William McDonough and Michael Braungart; Cradle to Cradle. Remaking the Way We Make Things (Vintage, 2009). http://www.cradletocradle.com/
William McDonough in his architectural practice implements in a practical way the concepts of Cradle-to-Cradle. See http://mcdonoughpartners.com/design-approach/
Yet obviously, questions concerning sustainability must be answered within the context of specific human communities. An environment is not sustainable just because it uses alternative energy sources, or recycles materials. In the late 1960’s, when mass urban “renewal” projects were being planned and implemented, Ada Louise Huxtable reminded us that a community is also the people and the built environment that could be “sustained”. Her seminal, Kicked a Building Lately? argued for the preservation of neighborhoods that were sustainable in the sense of supporting communal life in an amenable way, rather than tearing down entire segments of the city and building high-rise housing. Another important thinker/architect originating from this period was Christopher Alexander. He writes in his most recent book, The Battle for Life and Beauty of the Earth: A Struggle between Two World Systems (Oxford: OUP, 2012): “The purpose of all architecture is to encourage and support life-giving activity, dreams, and playfulness. But in recent decades, while our buildings are technically better-more sturdy, more waterproof, more energy efficient- they have also became progressively more sterile, rarely providing the kind of environment in which people are emotionally nourished, genuinely happy, and deeply contented.” Beauty and engagement are critical factors simply because when people care, they take care. Alexander has helped communities plan and provide for a sustainable environment – not only the infrastructure required but enabling the desire to sustain, to endure, throughout many generations. http://www.livingneighborhoods.org/ht-0/libraryofunfoldings.htm Here to sustain is to endure.

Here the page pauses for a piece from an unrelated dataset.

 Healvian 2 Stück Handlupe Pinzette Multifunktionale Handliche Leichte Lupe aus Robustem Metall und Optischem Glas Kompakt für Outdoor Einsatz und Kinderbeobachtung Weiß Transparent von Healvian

And just when the facts of global warming, international greed, territorial conflicts and exploitation of resources become overwhelming, a reminder of the small scale initiatives brought about by courageous and principled individuals give hope. My favorite: YES Magazine, a wealth of information and support: http://www.yesmagazine.org/issues/making-it-home/how-to-build-green-on-a-budget
In conclusion, I name only one initiative, proving that one man gathering about himself a clear vision can make a difference. Samuel Mockbee started with D.K. Ruth in 1993 the Rural Studio at Auburn University School of Architecture. His vision was real “roll-up your sleeves” sustainability, challenging his design studio students to use discarded and donated materials to renovate and create spaces in the rural impoverished county around the university. http://www.ruralstudio.org/about/purpose-history
For Mockbee, architecture was providing a “shelter for the soul.” I have found no better idea of sustainability: shelter.